When John Fiore came out to conduct act 2, he was booed and things started to improve in the pit, but Fiore was not equal to Daniel Oren in Tokyo. In this act, Halmen made an effort, there was a set, a huge Babel tower tilted all the way back to the end of the stage. From the uncomfortable spot at the top of the tower, the Grand Priest had to sing. Halmen made sure we could not hear him. Abdallo was wearing a fez, an historical impossibility.
The set in act 3 was again non-existent, four drop clothes while Abigaille and Babylonian ladies wore modern evening dresses. There were also dead horses either hanging from the ceiling or laying on the stage. The symbol of the Babylonian power was an erected phallic symbol.
When the gods are destroyed in act 4, the symbol breaks in two, quite a ridiculous effect. The set in act 4 was made of very dim arcades that represented nothing implied in the libretto.
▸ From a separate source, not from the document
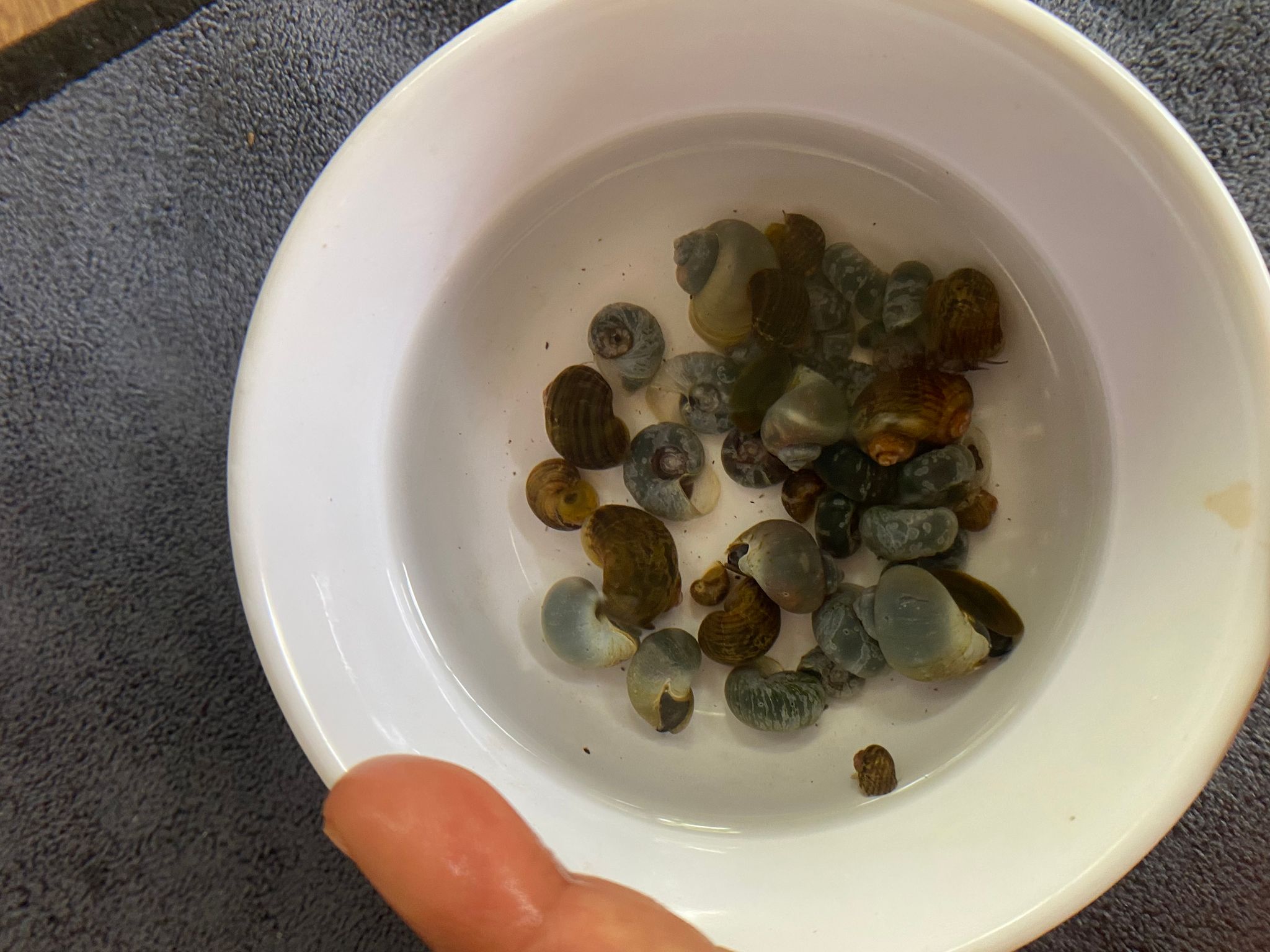 Feeders snails (assorted sizes/species)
On the singing side, the Nabucco of Paolo Gavanelli was slow to warm up. In act 1, he was made to enter on a carriage pulled by four horses trampling over dead Jews and wearing a most ridiculous crown. He could not move very well, seemed and sounded ill at ease. In act 2, he had to stand midway on the tower, and he was again ill at ease. However in act 3, he was better. In act 4, Gavanelli produced a lot of piano head tone, his specialty. In his aria, Gavanelli was distracted by the the efforts of Halmen to have the audience entertained by unrelated actions going on while he is singing. Four men, in G-string and tied to ropes, were lowered on the stage, where they crawled away into the wings. If it was not enough, Halmen had Fenena raped during the later part of the aria. As Zaccaria, Roberto Scandiuzzi sounded like a competent utility bass, reliable and dull. He was no match for Furlanetto in Tokyo. It must be noted that he was acclaimed during his curtain call. The Abigaille was Susan Neves, described in the program as having had a triumph as Aida at the Met. She was a reliable singer, more a hausfrau than an Abigaille. She was competent, but did not generate the excitement provided by Guleghina in Tokyo. José Azocar did what he could with the impossible role of Ismaele. I heard Azocar in Lucia di Lammermoor on live tapes from Chile recorded approximately 10 years ago. He made an excellent impression that needs to be reconfirmed by hearing him live in a real tenor role. There were excellent singing and characterization by Robynne Redmon (Fenena), Kevin Conners (Abdallo) and Jennifer Trost (Anna). The Gran Sacerdote was Harry Dworchak. He was described in the program as having made his European debut in 1990, a false statement as I heard him in 1986 in Paris in La donna del lago with Merritt and Blake. Dworchak did not make any impression. Apparently his repertory includes Scarpia, Wotan and Holländer, it is quite difficult to imagine him singing those roles.